This morning my colleague Joe Zeleznik and I received official confirmation that the National Science Foundation has agreed to fund a 3-year study on paleoflood hydrology focused on the northern Great Plains.
This new grant will support research on the Red River of the North, which over the past century has been one of the least stationary rivers in the entire continental United States. Within the last two decades, Red River floods have caused more than $3.5 billion in direct damages to American communities and have spurred the construction or proposed construction of nearly $2.5 billion in flood mitigation infrastructure . But because the observed hydrological record for the Red only extends back to the late 19th century, alternative sources of information are needed to estimate reliably the risk of future, high-magnitude floods.
In this project, we'll produce extended flood records for the Red River of the North that span the last several centuries, drawing upon botanical field evidence that is preserved within old flood-damaged trees. This long-term perspective will allow us to address questions regarding the synchrony of flooding along the entire reach of the river, and to gauge whether flooding on the northern Great Plains is tied to local and regional climate variability. These novel flood data will also be used to determine if the 1826 Red River flood, which is currently the largest known flood in the Canadian record, was also an exceptional event in the upstream (American) reach.

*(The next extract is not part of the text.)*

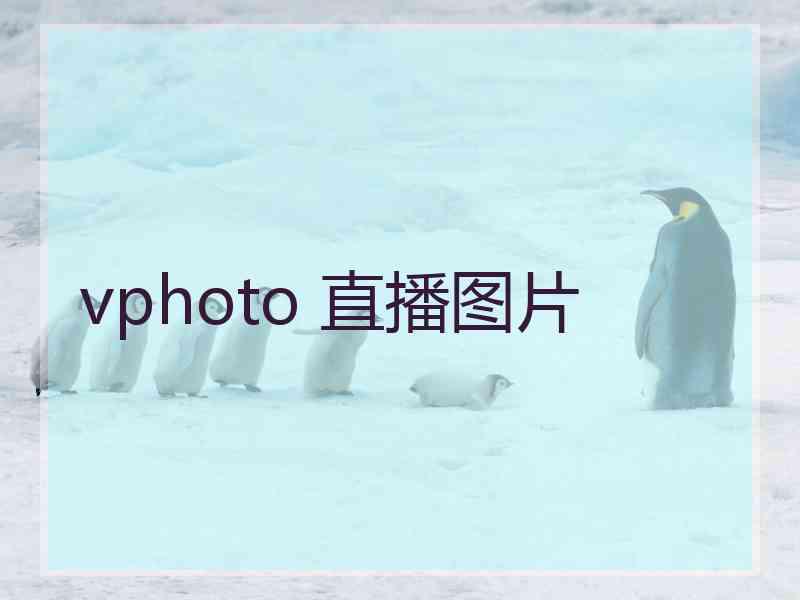 vphoto 直播图片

Because documented occurrences of past floods can have greater influence on public perception of flood risks than standard methods used in flood-frequency analysis, our paleoflood studies will help residents evaluate their own vulnerability to Red River floods and to weigh the potential benefits of proposed infrastructure. Moreover, globally there is a lack of evidence and thus low confidence regarding the sign of trend in flood frequency of magnitude at a global scale so a multi-century flood record for the Red River of the North will represent an important contribution to ongoing collaborations aiming to improve our understanding of the physical processes that control the occurrence and magnitude of floods throughout various climate states.